20 Männer seien in dieser Zeit von Tschetniks erschlagen worden, weil sie mit Waffen aufgegriffen worden seien — die ihnen aber die Serben vorher verkauft hätten. Der Maurer Ramiz Alagic, geboren 1953, hat zwei Söhne, im Alter von 20 und 18 Jahren, die seit nunmehr über zwei Monaten im Gefangenenlager von Maniaca schmachten. Muharem Jakupovic hat eine Tochter und zwei Enkel — acht und zwei Jahre alt — im Lager von Drnopolje. Der 15jährige Emir Hadzic berichtet, sein Vater, ein Ex-Kommandant der bosnischen Streitkräfte, sitze im Lager von Omorska. Dort müßten die gesunden Gefangenen im Kohlebergwerk Frondienst leisten. Einige alte arbeitsunfähige Männer habe man einfach verhungern lassen.

Aussage über Aussage, aber die Menschen haben keine Beweise. Die Zeugen sind ihre Verwandten, ihre Freunde. Fotos legen sie keine vor. Aber wer all das Elend der Flüchtlinge in Posusje, wer die Gesichter dieser Menschen gesehen hat, weiß, daß die Lager keine Erfindungen sind — was sich nach den Berichten Ende vergangener Woche ja auch bestätigt hat.

Sonntag, gegen 14.00 Uhr nachmittags. Im Hafen von Split werden die letzten Paletten mit Hilfsgütern gelöscht.
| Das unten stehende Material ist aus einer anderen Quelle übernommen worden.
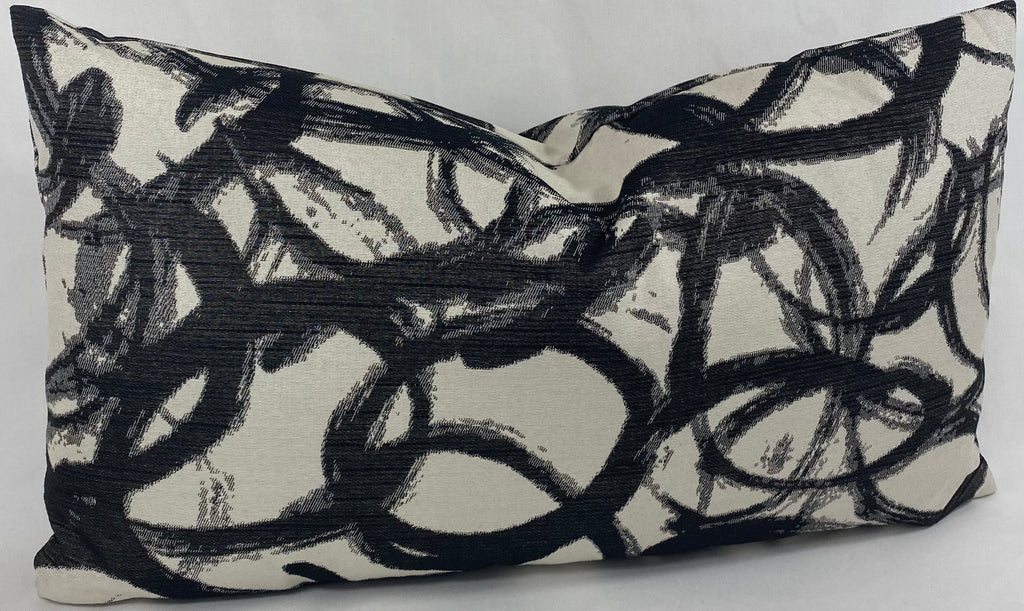 Luxury Lumbar Pillow - 24" x 14"- Swoosh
Aber statt die Waren direkt auf die Laster zu laden, werden die 300 Tonnen Reis, Mehl, Zucker, Öl und Bohnen in einer Halle zwischengelagert. Um sie von dort wieder freizukriegen, bedarf es offenbar eines beachtlichen bürokratischen Aufwandes. Doch das läßt sich später regeln. Rupert Neudeck, Präsident von „Cap Anamur“, wird also zurückbleiben. Das wichtigste ist nun, daß die 350 Flüchtlinge, die aus Posusje und Mostar bereits losgefahren sind und deren Ankunft hier im Hafen minütlich erwartet wird, möglichst schnell aufs Schiff kommen. Sie sollen noch heute in See stechen— für die meisten von ihnen die erste Auslandsreise ihres Lebens.